Certa vez, meu pai estava longe de casa e apeou do ônibus. Alguém distante fez a conhecida saudação, e meu velho chegou em casa rindo-se daquilo e dizendo que estava famoso até lá em Benfica, um bairro bem distante daquele em que morávamos.
Walter, se teve seus defeitos, certamente não se credite a ele o egoísmo. No exército, chegou a cabo e fez concurso para sargento. Era exímio telegrafista; várias vezes o presenciei na habilidade tátil e auditiva , despachando e recebendo trens da Leopoldina, na estação ferroviária. E no exército ele ensinou sua técnica para os que concorriam com ele ao cargo de sargento. Pelo jeito, ensinou muito bem.

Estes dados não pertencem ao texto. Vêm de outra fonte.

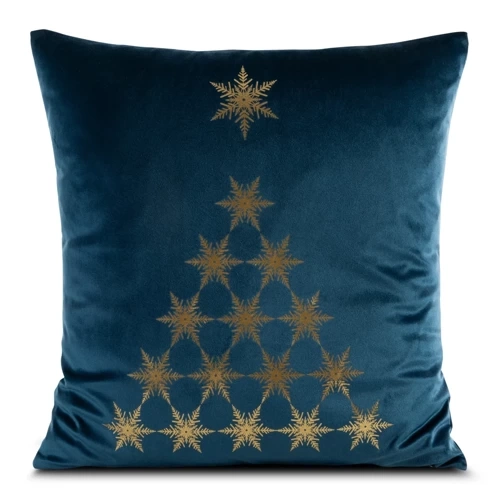 Poszewka świąteczna choinka Joy 1 Eurofirany czarny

– Ensinei e fui o último classificado – dizia ele, gargalhando, e somava:
– Mas fui bom professor...
Certamente, que houvera outros testes, que o impediram de passar. Mas ele se lixava por se justificar. Frisava aquele fracasso como se tivesse sido um fracasso no que ele mais sabia, que era telegrafar... Nesse sentido, era um pouco desses personagens que passam pela vida rindo-se dela e que, quando se vão – cedo ou tarde – parecem muito felizes, sem mágoas.
Meu pai fora um autodidata, que chegou a chefiar estações ferroviárias com os conhecimentos da vida. Fazia contas com muita facilidade e tinha uma voz grave muito agradável. Uma voz marcante. Marcante, para mim, para nós, parentes e amigos. Ao telefone, sua voz era de locutor. Marcante.

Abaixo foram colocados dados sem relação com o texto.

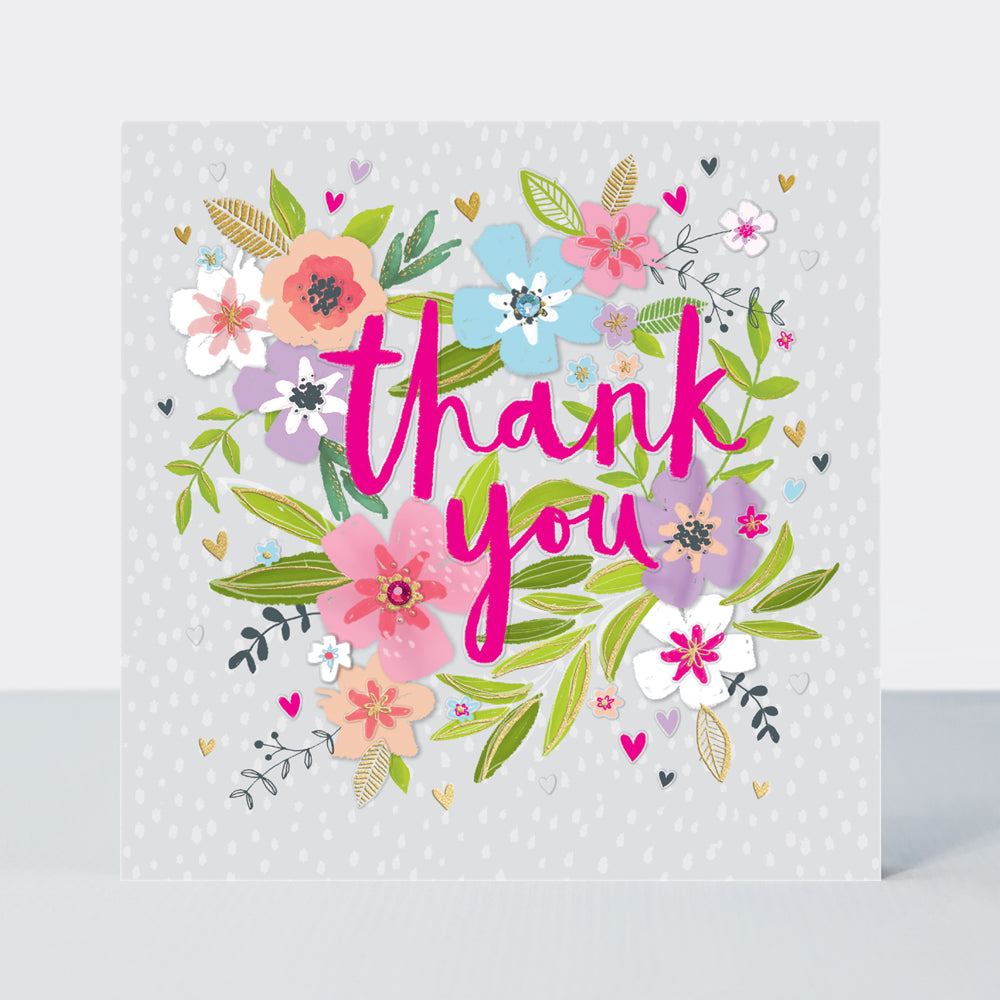 Peony - Thank You Card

Já o leitor, antenado em transmissões esportivas, pode estar vendo aonde quero chegar. Outro dia assisti ao ‘Conversa com o Bial’, que entrevistou o famoso apresentador de esportes Léo Batista, de voz marcante, na descrição do narrador esportivo Luiz Roberto. E o senhor Léo me permitiria repercutir um pouco a entrevista?
Léo transpira simplicidade. Em dado momento, ele parece surpreso com a adjetivação para sua voz. Bial explicou que o epíteto se deve ao fato de ele ter falado para gerações que hoje estão no rádio e na tevê e tiveram aquela voz marcada em suas memórias. Eu era criança e, aqui na minha terra, a antiga TV Rio nos informava na voz de João Baptista Bellinaso Neto, que é o Léo, na certidão de nascimento.
Já eu tinha ouvido outras entrevistas com o Léo. Despretensão pura. Em dado momento, ele minimiza seu saber. Um saber, creio eu, tenha vindo de poucos estudos regulares, pesquisas, enfim de esforços autodidáticos, que o conduziram a levar, com muita competência, da notícia mais séria à mais leve, como a infelicidade de um goleiro no frango.
Léo Batista noticiou, em primeira mão, o trágico suicídio de Vargas, em 24 de agosto de 1954. Bial imaginou que, naquela hora, Léo teria pensado na importância histórica daquela notícia, mas Léo foi sincero e disse que não; ele apenas tinha lido, sem maior preocupação de notoriedade.
Na saborosa entrevista, Léo fala do Botafogo – sua paixão –, da intimidade com a língua italiana, em que chegou a cantarolar, e da crônica de Nélson Rodrigues, que elogiou o narrador no início, mas fechou dizendo que era um perigo tomar carona com Léo Batista. Ah, teve um pouquinho de tristeza também... Léo perdeu a esposa e a irmã, recentemente. Mas Bial passou meio batido; fez bem.
Já repararam? Por trás da fala do Léo, quando narra esportes, há um certo sorriso, uma certa alegria... E talvez, por isso, também, Luiz Roberto, a voz do Léo seja marcante. Léo fala sorrindo. Alguém mais?
Bem, acho que vou parar. Até porque Bial estava elogiando demais, e o Léo disse que, daquele jeito, poderia até ir às lágrimas, e olhem que ele vai fazer 90 anos, em 22 de julho. Vida longa para ele!
Walter e Léo, para mim vozes marcantes – cada um à sua maneira.